Because you asked for evidence so I though that was something you wanted and I wasn't only talking about decoding.

Okay, so you were talking about encoding as well? Then why did you claim I changed the subject? 

 

 

25 minutes ago, leadeater said:

Because again for encoding at higher bitrates the quality difference between software and hardware options diminishes a lot so having an iGPU with equivalent capabilities as Quicksync (decode and encode) is a nice benefit that people do utilize in both ways.

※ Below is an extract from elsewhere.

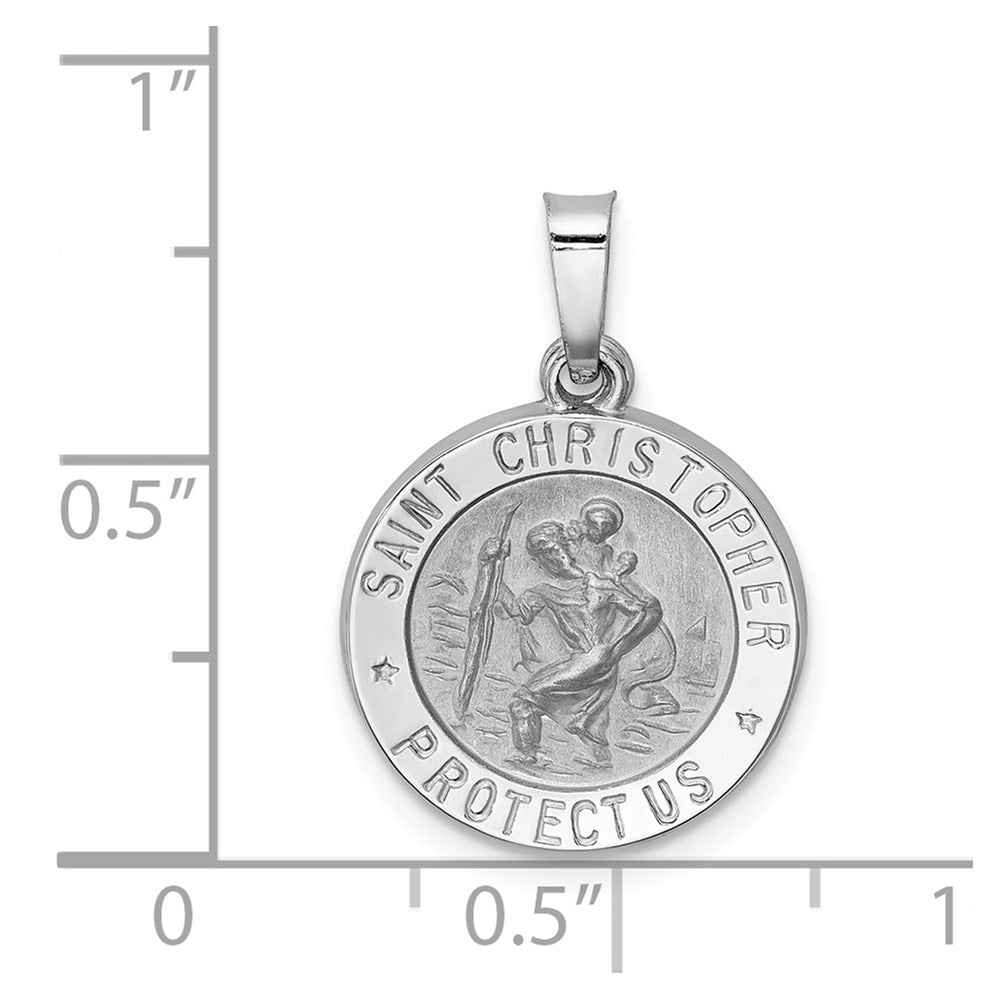 14k White Gold Polished/Satin St Christopher Medal Hollow Pendant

But AMD's offering is not equivalent to the capabilities of QuickSync, since it is not able to offer the same quality (and maybe not the same codecs either, since AV1 might be added to Intel's offerings soon).

 

AMD's video quality when encoding is significantly worse. You can hide its deficiencies by adding more bit rates to the file, but that's like saying a GTX 1060 is competitive with an RTX 3090 if you play at the lowest settings. That does not really make the 1060 competitive with the 3090. The lack of support for B-frames is still a massive drawback of AMD's hardware encoder.

 

If we are talking about things like video editing then my guess is that those people can afford to (and should) throw in a half-decent dGPU on top of their iGPU. It will greatly benefit them for things other than encoding (such as accelerating the creation of effects).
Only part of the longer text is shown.